«Il basket italiano non ci piace più»

Franco Marcelletti e Antonello Riva per un giorno docenti di pallacanestro
BARON - LE LEGGENDE DEL BASKET. FRANCO MARCELLETTI
BARON - LE LEGGENDE DEL BASKET. FRANCO MARCELLETTI

PADOVA. Il basket degli anni ’80 e ’90 era cosa loro. Stiamo parlando di Franco Marcelletti e Antonello Riva, che ieri hanno tenuto lezione agli studenti di Scienze Motorie dell’Università di Padova nel corso del convegno «Il basket di oggi tra passato e futuro», organizzato dalla sezione pallacanestro dell’Arcs Unipd. Due campioni, in panchina e in campo, che hanno vissuto l’epopea della palla a spicchi italiana e che hanno indossato per un giorno le vesti di professori massimi esperti della materia. La mente dei presenti non poteva che volare alla finale scudetto del 1991 tra gli scugnizzi della Juve Caserta di coach Marcelletti e i 24 gradi di nobiltà dell’Olimpia Milano di Nembo Kid Riva. Inevitabile e impietoso il confronto tra la pallacanestro degli anni ruggenti e la crisi attuale, che ha sì risvolti economici, ma non solo. «Nel ’96 la legge Bosman», ricorda Marcelletti, «ha stravolto l’intero sistema del basket: le società hanno perso la proprietà del cartellino e tutti gli atleti a 18 anni hanno avuto la possibilità di svincolarsi. Non si è più fatto il settore giovanile e oggi viviamo un periodo di crisi con una produzione di giocatori italiani ridotta. Fino agli anni ’90, la qualità del gioco era superiore perché i roster delle squadre erano sempre gli stessi. Oggi invece le formazioni cambiano faccia da una stagione all’altra e hanno 5-7 stranieri, quando ai miei tempi ce n’erano 2. Anche la partecipazione del pubblico non è più la stessa: il tifoso non può identificarsi in uno straniero, che talvolta resta in Italia soltanto un anno».

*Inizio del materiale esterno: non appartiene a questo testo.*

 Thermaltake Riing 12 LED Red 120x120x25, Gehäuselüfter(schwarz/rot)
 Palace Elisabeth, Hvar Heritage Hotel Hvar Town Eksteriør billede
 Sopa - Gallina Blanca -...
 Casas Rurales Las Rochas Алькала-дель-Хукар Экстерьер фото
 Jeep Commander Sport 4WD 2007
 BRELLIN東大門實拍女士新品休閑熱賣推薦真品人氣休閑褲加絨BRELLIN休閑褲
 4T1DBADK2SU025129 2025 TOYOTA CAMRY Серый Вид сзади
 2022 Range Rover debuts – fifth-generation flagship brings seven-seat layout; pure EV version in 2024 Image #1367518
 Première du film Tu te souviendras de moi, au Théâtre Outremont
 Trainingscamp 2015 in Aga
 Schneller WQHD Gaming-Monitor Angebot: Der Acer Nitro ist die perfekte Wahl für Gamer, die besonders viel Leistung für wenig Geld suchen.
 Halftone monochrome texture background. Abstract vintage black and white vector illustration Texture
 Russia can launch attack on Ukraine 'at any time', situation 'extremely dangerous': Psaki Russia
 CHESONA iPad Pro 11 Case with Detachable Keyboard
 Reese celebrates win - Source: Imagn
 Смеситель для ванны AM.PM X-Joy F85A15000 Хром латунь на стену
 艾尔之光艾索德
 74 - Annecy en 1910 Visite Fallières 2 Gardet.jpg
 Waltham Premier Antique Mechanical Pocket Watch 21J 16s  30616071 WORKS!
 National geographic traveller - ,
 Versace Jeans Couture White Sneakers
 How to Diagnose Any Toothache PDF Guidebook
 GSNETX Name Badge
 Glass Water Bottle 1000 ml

Per imporsi ad alti livelli, i ragazzi italiani avrebbero forse bisogno di una leadership alla Riva, costruita su un incrollabile spirito di sacrificio.

«Essere leader significa semplicemente dare il buon esempio», dice Nembo Kid, «ma non mi piace ciò che è diventato il basket italiano. Ho deciso di accantonare la carriera da general manager, perché affrontare malumori di giocatori e presidenti, garantendo un minimo di tranquillità all’interno della squadra, non mi dava più stimoli. Non mi riconosco più in questo movimento, che con il tramonto delle sponsorizzazioni sta faticando enormemente».